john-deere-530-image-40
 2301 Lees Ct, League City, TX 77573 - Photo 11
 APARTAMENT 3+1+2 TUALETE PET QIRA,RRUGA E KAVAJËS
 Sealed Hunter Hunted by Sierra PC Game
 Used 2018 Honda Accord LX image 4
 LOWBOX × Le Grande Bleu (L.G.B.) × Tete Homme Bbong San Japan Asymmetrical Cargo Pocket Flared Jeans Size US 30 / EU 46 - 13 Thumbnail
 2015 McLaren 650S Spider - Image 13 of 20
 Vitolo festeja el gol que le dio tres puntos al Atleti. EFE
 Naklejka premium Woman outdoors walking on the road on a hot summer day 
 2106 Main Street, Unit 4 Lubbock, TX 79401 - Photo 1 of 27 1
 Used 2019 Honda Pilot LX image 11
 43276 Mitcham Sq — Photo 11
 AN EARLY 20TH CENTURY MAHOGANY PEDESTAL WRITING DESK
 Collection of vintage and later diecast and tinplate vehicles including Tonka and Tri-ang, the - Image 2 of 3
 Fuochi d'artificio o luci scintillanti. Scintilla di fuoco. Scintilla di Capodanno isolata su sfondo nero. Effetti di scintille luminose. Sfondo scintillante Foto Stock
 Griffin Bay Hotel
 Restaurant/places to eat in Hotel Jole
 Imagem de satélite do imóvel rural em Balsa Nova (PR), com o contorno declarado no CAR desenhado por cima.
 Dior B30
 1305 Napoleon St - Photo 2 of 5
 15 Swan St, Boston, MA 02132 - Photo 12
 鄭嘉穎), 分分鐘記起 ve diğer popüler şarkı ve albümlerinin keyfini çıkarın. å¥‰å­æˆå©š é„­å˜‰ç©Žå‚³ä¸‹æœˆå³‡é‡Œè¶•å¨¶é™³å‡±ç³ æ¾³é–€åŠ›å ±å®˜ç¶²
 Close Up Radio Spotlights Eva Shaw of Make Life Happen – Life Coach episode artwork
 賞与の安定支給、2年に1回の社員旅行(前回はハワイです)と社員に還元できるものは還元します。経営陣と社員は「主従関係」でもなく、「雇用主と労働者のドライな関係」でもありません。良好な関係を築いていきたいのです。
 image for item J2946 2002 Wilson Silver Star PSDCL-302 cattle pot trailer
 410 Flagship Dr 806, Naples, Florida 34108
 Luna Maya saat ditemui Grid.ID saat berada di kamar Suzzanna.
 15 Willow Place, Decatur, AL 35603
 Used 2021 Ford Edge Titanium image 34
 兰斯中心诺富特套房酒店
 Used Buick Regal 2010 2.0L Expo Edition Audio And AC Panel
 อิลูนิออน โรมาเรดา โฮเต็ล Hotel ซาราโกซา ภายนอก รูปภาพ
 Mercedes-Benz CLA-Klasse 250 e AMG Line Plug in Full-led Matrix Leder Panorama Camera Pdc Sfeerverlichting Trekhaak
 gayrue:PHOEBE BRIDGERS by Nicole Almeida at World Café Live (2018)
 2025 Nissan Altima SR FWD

* [Problem]: The required output is the stretch of entries above from the line containing "Used 2019 Honda Pilot LX image 11" through the line containing "Collection of vintage", reproduced exactly.

* [The answer]:
 Used 2019 Honda Pilot LX image 11
 43276 Mitcham Sq — Photo 11
 AN EARLY 20TH CENTURY MAHOGANY PEDESTAL WRITING DESK
 Collection of vintage and later diecast and tinplate vehicles including Tonka and Tri-ang, the - Image 2 of 3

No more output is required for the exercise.